▶ **TASK INSTRUCTIONS**
Copy the material below verbatim from the line with "Reebok - Wor woven shorts - pure grey 2" to the line with "Proyek Lintasan Sirkuit", both lines included, omitting pictures and every line outside that range.
::: EXTRACTED INFORMATION
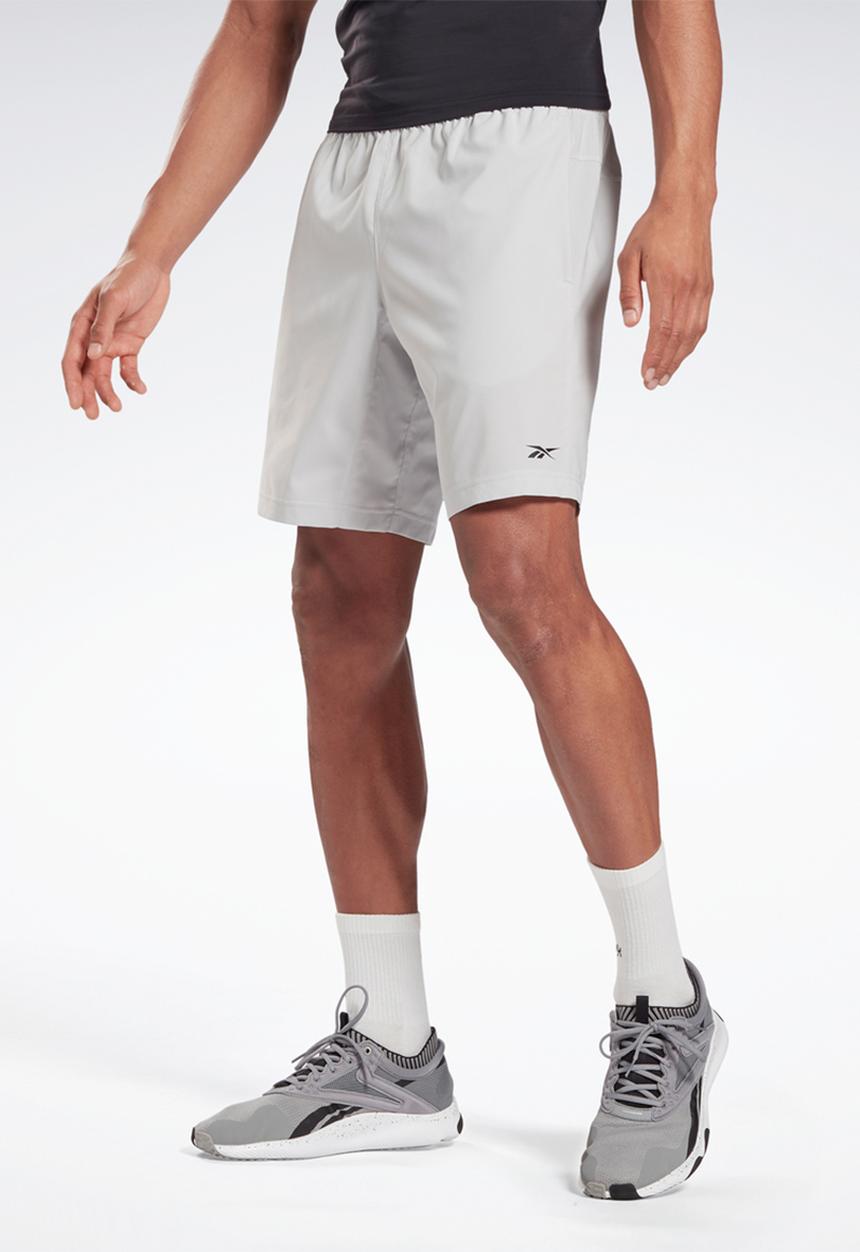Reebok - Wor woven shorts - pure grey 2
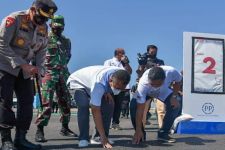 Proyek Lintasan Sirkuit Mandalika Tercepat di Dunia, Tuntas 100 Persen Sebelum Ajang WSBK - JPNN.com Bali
::::::
::: EXTRACTED INFORMATION
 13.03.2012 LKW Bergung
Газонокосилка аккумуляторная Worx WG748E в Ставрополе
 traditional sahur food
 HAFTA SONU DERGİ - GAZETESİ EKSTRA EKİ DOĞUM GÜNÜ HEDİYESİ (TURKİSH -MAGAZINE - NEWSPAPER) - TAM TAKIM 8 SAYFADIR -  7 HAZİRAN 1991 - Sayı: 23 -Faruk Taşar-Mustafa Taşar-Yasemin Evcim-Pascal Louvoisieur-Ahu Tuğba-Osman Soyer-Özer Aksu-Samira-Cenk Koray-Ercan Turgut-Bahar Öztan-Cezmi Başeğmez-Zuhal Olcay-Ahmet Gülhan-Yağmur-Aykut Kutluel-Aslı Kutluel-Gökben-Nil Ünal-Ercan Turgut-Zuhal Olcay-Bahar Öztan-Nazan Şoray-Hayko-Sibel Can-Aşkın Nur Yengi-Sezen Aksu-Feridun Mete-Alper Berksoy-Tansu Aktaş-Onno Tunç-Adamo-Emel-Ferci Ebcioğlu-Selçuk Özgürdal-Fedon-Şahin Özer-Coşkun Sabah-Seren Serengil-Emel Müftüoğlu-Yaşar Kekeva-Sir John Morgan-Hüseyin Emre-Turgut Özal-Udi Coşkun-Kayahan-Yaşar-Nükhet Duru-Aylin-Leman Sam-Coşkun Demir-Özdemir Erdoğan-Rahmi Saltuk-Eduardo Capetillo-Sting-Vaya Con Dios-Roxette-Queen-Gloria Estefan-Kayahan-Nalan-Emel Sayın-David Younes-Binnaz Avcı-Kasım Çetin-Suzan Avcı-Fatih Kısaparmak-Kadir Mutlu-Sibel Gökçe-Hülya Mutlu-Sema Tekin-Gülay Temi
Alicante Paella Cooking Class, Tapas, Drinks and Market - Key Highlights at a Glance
::::::
::: EXTRACTED INFORMATION
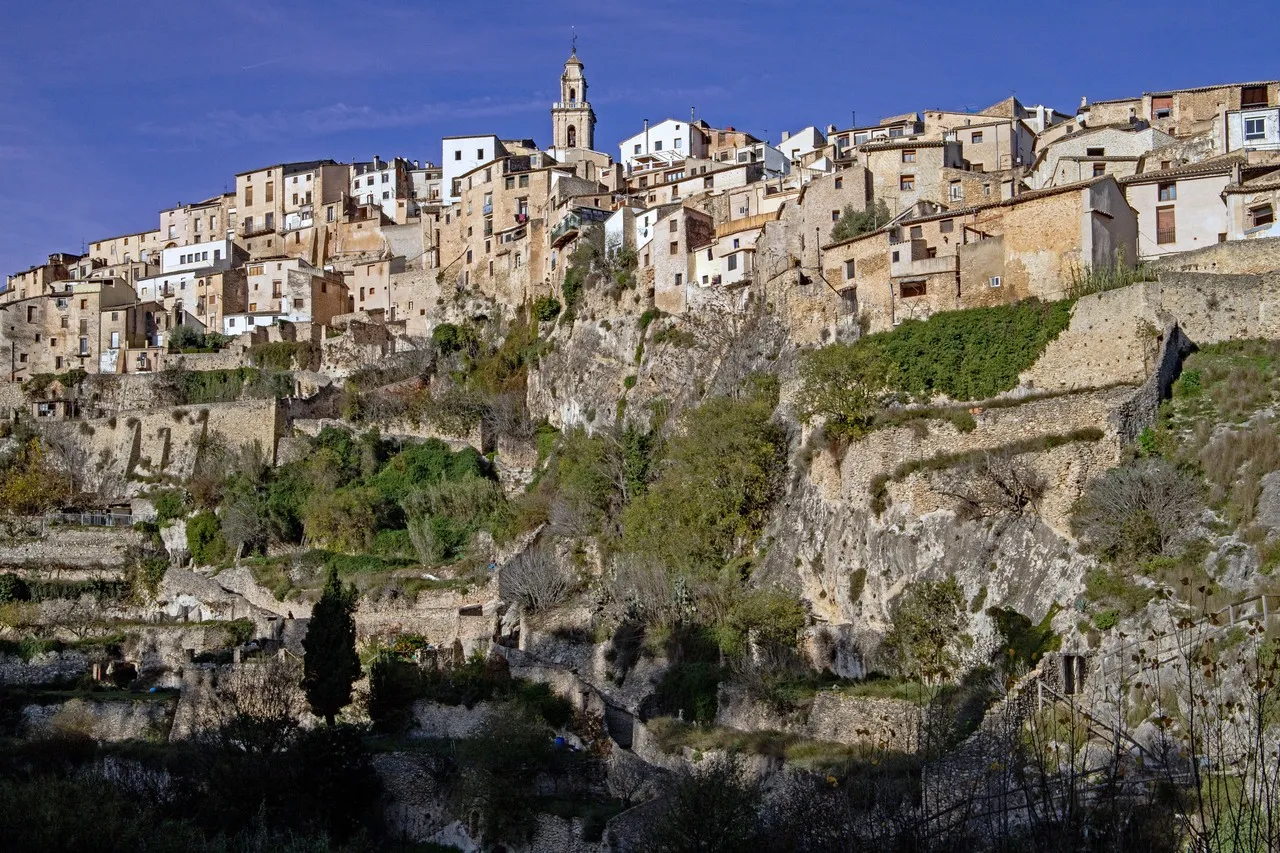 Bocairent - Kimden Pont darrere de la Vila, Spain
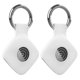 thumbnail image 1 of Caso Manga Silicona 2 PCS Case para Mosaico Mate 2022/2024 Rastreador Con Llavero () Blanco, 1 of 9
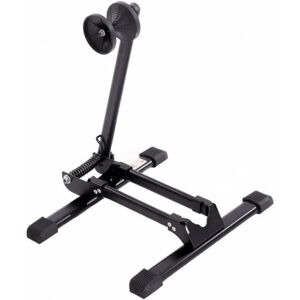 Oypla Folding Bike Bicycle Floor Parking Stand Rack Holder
::::::
▶ **OUTPUT**
Reebok - Wor woven shorts - pure grey 2
 Proyek Lintasan Sirkuit Mandalika Tercepat di Dunia, Tuntas 100 Persen Sebelum Ajang WSBK - JPNN.com Bali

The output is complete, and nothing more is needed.